**LISTED RECORDS**
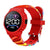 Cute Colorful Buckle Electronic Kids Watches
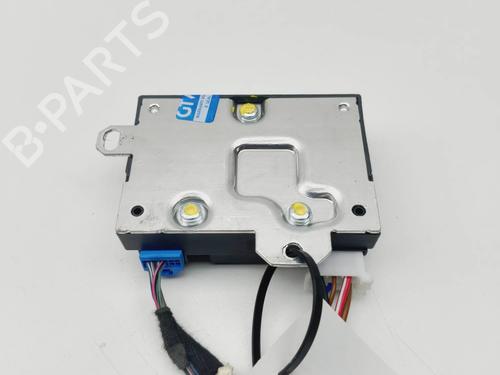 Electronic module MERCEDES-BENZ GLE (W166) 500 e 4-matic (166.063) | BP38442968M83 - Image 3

* * *

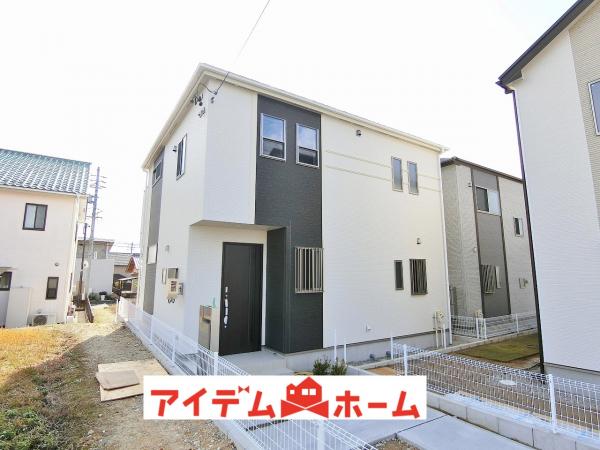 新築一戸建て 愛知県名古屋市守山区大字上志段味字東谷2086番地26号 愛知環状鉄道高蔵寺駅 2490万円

--

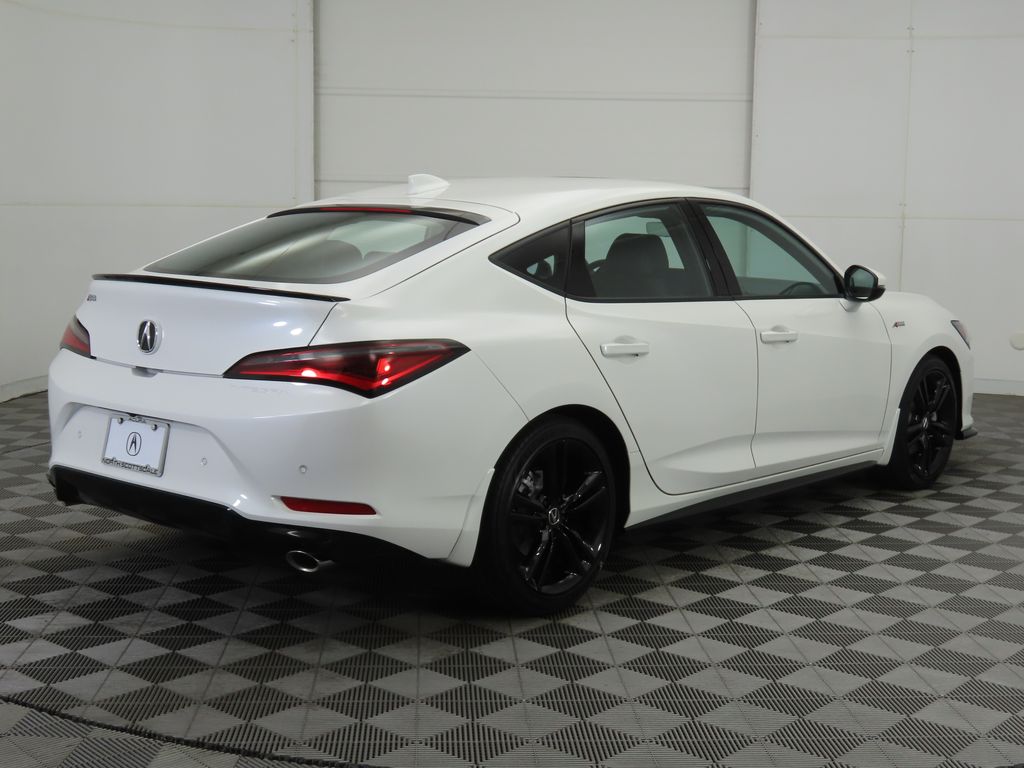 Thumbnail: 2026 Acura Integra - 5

**TASK INSTRUCTIONS**
Because only one stretch of the records is wanted, please output the lines from the one holding "Cute Colorful Buckle Electronic Kids Watches" through the one holding "Electronic module MERCEDES-BENZ" exactly, both included, and leave every picture out.

**ANSWER SECTION**
 Cute Colorful Buckle Electronic Kids Watches
 Electronic module MERCEDES-BENZ GLE (W166) 500 e 4-matic (166.063) | BP38442968M83 - Image 3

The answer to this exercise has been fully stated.